*** Opening Input ***

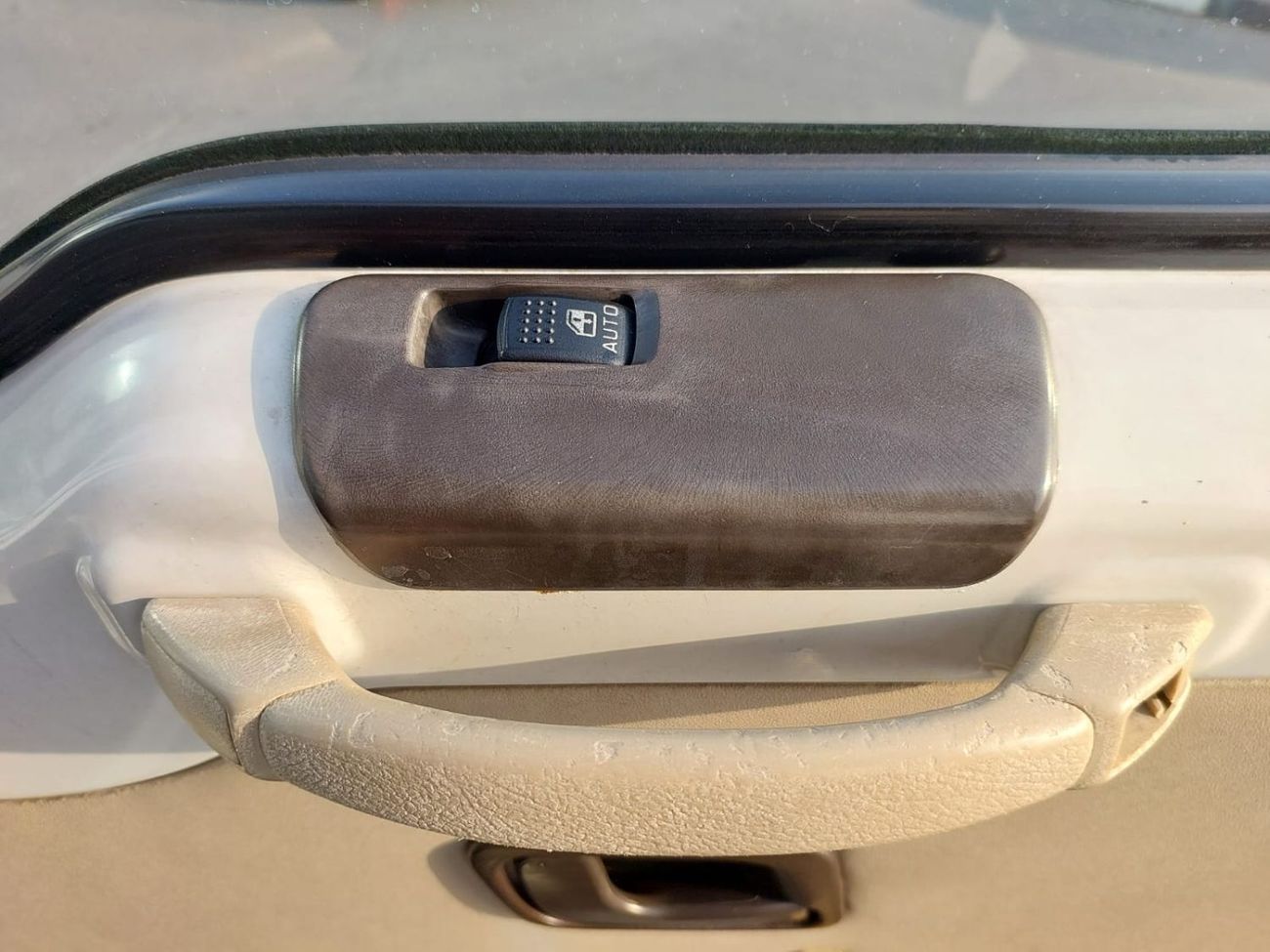 ميتسوبيشي روزا MITSUBISHI ROSA BUS 2012 RHD 3.0 L DIESEL AUTOMATIC (PM00079)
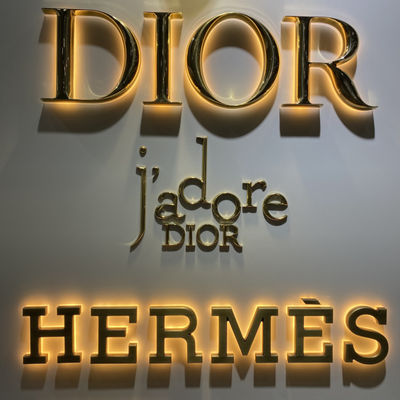 OEM ODMのバックリットの手紙の印のアクリルの白熱印板ミラーの終わり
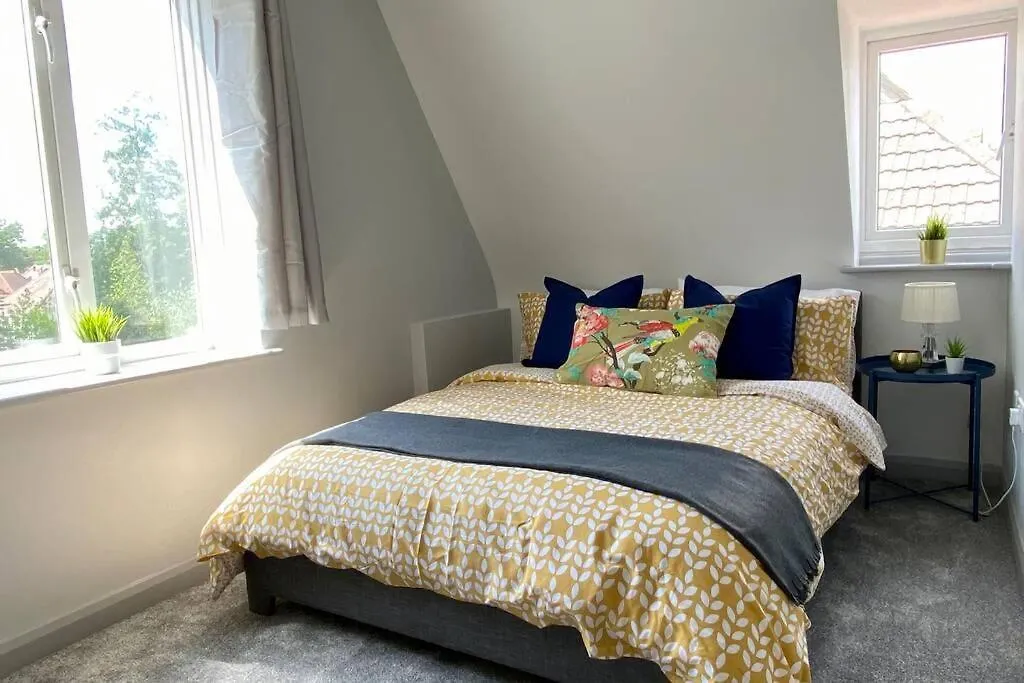 Beachside Bliss: Stylish Apartment near Bournemouth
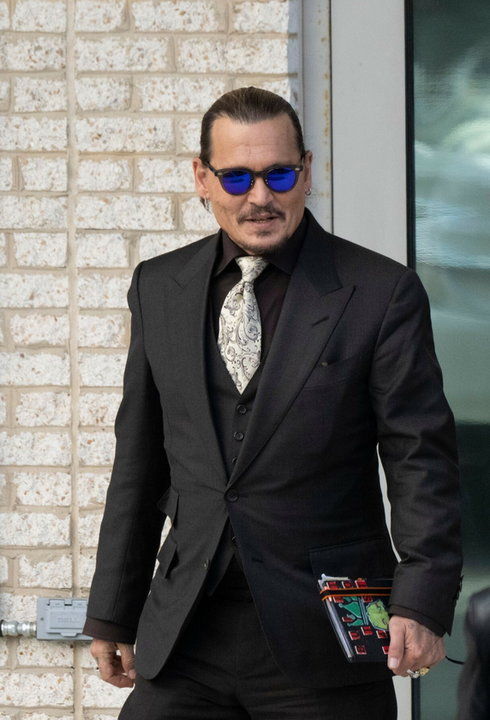 Johnny Depp podczas rozprawy sądowej 19 kwietnia 2022 r.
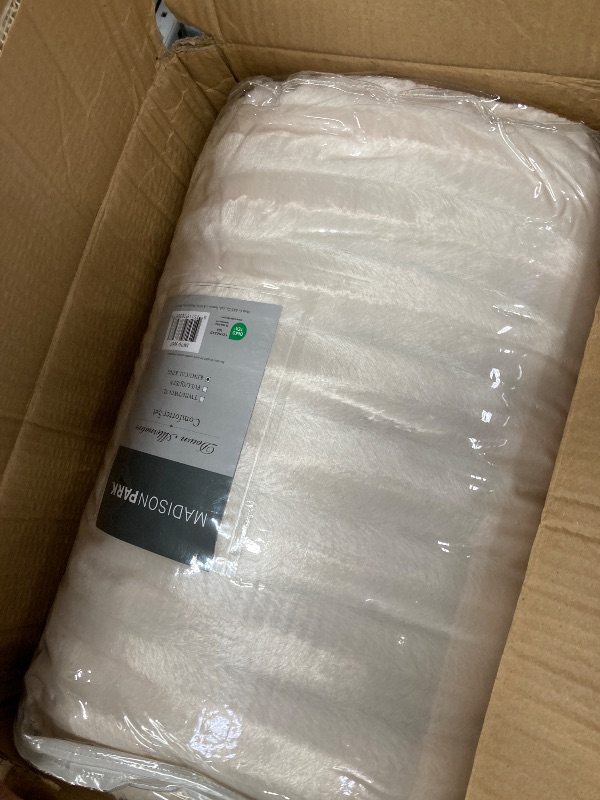 Photo 1 of ***MISSING PILLOW SHAMS -SELLING ASIS *** Madison Park Duke Luxe Faux Fur Reversible Comforter Soft Plush Reverse, Modern Down Alternative Filling Cozy Bedding, Box Quilted Warm Cover, King/Cal King, Champagne 1 Piece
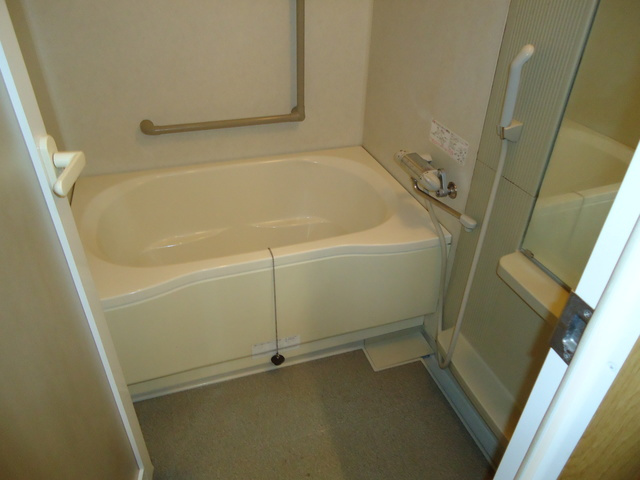 ぐらすはうすの浴室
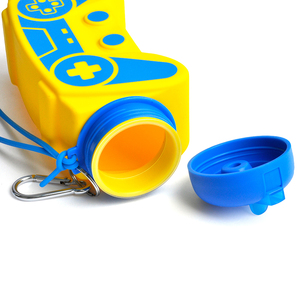 Bouteilles d'eau pliables en silicone sans BPA, nouveau design en forme de jeu, réutilisables pour le camping, avec logo personnalisé, modèle ODM, vente en gros - Product Image 6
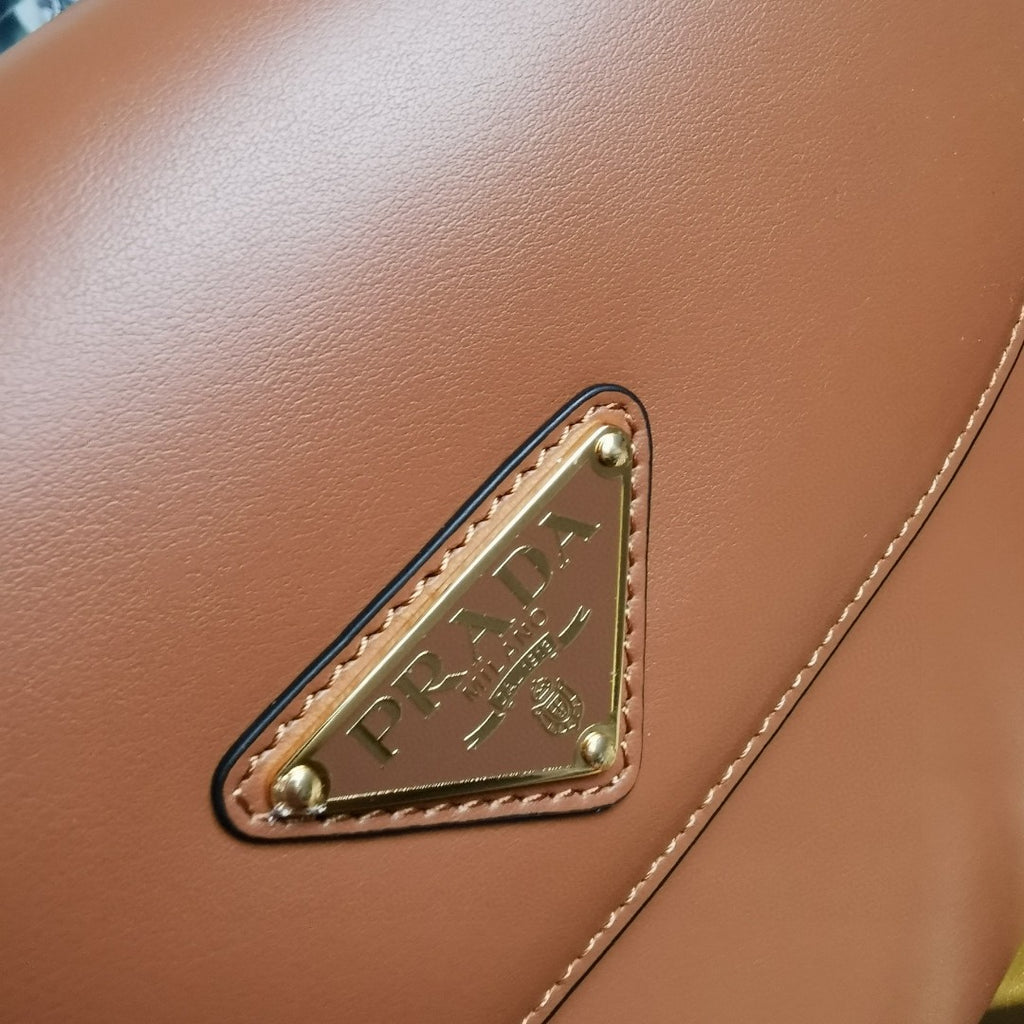 Moon Leather Shoulder Bag - Caramel - View 6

*** Closing Input ***

● What is required
In the records above, find the line that contains "OEM ODMのバックリットの手紙の印のアクリルの白熱印板ミラーの終わり" and retype it and all lines after it exactly, leaving out any pictures.

● Completed exercise
 OEM ODMのバックリットの手紙の印のアクリルの白熱印板ミラーの終わり
 Beachside Bliss: Stylish Apartment near Bournemouth
 Johnny Depp podczas rozprawy sądowej 19 kwietnia 2022 r.
 Photo 1 of ***MISSING PILLOW SHAMS -SELLING ASIS *** Madison Park Duke Luxe Faux Fur Reversible Comforter Soft Plush Reverse, Modern Down Alternative Filling Cozy Bedding, Box Quilted Warm Cover, King/Cal King, Champagne 1 Piece
 ぐらすはうすの浴室
 Bouteilles d'eau pliables en silicone sans BPA, nouveau design en forme de jeu, réutilisables pour le camping, avec logo personnalisé, modèle ODM, vente en gros - Product Image 6
 Moon Leather Shoulder Bag - Caramel - View 6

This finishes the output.